ABOUT THIS TASK:
Every line from the beginning of the data through the line containing "Ofertas de Mercado" should be reproduced exactly, and no further lines should be output.

--- WORKING DATA Enclosed Below ---

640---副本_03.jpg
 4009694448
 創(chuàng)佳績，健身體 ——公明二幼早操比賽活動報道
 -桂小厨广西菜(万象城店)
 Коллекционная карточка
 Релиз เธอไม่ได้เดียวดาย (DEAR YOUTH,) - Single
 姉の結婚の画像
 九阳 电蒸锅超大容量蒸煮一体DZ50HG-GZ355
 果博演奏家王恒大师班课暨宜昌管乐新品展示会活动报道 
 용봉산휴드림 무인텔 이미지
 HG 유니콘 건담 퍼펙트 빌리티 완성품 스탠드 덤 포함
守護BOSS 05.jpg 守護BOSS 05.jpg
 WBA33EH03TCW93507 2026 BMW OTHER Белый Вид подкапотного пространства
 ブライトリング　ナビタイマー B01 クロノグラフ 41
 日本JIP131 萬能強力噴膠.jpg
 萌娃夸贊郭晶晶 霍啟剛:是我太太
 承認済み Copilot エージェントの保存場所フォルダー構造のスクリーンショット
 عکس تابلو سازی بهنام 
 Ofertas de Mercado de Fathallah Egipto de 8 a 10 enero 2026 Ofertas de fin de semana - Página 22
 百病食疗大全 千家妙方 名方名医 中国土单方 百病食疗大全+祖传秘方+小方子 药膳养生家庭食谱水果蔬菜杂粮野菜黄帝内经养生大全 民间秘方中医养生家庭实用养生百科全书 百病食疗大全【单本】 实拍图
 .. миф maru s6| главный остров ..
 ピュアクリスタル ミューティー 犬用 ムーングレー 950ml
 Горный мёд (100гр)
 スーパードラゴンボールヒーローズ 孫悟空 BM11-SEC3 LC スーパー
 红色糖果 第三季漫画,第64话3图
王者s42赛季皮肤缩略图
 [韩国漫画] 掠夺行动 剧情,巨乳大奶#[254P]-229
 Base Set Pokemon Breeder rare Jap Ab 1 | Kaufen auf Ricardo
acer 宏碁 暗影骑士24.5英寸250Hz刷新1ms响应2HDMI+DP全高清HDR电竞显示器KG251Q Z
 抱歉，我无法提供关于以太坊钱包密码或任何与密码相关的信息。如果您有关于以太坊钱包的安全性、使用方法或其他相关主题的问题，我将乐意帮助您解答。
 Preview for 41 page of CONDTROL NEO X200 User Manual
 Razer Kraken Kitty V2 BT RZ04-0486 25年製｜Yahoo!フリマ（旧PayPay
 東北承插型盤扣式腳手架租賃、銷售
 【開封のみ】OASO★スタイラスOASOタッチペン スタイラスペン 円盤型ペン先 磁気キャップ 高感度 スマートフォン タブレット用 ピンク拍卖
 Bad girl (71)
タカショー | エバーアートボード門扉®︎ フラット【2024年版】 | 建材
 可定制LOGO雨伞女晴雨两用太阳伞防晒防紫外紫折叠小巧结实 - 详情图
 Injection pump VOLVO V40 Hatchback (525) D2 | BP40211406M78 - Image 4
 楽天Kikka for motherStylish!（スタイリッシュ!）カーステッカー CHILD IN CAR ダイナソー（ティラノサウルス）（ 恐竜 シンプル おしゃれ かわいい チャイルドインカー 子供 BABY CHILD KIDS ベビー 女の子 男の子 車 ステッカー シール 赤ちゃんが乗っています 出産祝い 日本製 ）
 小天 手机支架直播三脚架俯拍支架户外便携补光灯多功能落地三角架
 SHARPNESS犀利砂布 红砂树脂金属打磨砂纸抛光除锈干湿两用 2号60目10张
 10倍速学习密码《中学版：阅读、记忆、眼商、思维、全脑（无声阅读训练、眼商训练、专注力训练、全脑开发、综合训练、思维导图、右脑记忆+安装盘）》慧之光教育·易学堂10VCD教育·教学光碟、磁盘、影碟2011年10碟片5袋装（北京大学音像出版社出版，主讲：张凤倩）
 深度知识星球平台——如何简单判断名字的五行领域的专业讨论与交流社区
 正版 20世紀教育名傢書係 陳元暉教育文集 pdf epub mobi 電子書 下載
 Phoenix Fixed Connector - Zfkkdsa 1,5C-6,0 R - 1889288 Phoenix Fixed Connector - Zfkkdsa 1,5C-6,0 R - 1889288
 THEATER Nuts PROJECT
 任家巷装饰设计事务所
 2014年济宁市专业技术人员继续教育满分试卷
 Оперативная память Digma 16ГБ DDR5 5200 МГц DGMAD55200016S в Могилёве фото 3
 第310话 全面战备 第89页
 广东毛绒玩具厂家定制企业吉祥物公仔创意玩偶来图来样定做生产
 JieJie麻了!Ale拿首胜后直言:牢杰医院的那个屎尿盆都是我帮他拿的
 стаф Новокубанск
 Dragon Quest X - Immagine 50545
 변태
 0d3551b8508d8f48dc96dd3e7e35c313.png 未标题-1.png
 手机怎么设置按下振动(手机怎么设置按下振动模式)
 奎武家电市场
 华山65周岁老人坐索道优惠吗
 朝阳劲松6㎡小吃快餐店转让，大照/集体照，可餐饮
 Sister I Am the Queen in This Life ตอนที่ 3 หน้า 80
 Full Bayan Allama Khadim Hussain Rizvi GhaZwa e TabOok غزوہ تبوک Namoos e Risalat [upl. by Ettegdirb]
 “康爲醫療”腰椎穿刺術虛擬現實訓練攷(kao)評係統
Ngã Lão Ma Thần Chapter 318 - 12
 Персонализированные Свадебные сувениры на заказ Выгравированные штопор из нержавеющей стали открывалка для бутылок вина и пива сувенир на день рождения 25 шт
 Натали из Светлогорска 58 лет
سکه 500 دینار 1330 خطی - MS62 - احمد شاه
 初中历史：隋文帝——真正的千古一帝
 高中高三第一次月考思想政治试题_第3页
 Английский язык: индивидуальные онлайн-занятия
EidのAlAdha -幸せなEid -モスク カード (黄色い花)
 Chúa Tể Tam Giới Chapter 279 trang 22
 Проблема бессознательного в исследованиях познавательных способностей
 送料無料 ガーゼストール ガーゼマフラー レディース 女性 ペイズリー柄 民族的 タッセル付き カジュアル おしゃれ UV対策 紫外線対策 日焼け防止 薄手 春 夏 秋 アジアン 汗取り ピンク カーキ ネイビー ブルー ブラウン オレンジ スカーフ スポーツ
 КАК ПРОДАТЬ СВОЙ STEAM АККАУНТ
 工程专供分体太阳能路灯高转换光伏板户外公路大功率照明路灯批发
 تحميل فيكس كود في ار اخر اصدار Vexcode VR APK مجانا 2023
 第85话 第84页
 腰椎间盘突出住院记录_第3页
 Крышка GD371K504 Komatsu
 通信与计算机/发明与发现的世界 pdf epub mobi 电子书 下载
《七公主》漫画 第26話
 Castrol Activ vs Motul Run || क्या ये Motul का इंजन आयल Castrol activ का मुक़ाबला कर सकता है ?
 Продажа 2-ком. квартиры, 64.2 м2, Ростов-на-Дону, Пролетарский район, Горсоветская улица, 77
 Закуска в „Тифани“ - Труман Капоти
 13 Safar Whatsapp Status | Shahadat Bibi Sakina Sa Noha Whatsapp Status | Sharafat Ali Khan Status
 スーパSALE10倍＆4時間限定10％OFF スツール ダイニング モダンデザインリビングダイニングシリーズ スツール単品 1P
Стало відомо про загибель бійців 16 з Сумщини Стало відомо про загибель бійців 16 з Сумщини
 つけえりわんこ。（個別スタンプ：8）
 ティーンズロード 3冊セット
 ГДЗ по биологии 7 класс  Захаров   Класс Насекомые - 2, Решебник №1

--- End of Enclosed WORKING DATA ---

RESULT BELOW:
640---副本_03.jpg
 4009694448
 創(chuàng)佳績，健身體 ——公明二幼早操比賽活動報道
 -桂小厨广西菜(万象城店)
 Коллекционная карточка
 Релиз เธอไม่ได้เดียวดาย (DEAR YOUTH,) - Single
 姉の結婚の画像
 九阳 电蒸锅超大容量蒸煮一体DZ50HG-GZ355
 果博演奏家王恒大师班课暨宜昌管乐新品展示会活动报道 
 용봉산휴드림 무인텔 이미지
 HG 유니콘 건담 퍼펙트 빌리티 완성품 스탠드 덤 포함
守護BOSS 05.jpg 守護BOSS 05.jpg
 WBA33EH03TCW93507 2026 BMW OTHER Белый Вид подкапотного пространства
 ブライトリング　ナビタイマー B01 クロノグラフ 41
 日本JIP131 萬能強力噴膠.jpg
 萌娃夸贊郭晶晶 霍啟剛:是我太太
 承認済み Copilot エージェントの保存場所フォルダー構造のスクリーンショット
 عکس تابلو سازی بهنام 
 Ofertas de Mercado de Fathallah Egipto de 8 a 10 enero 2026 Ofertas de fin de semana - Página 22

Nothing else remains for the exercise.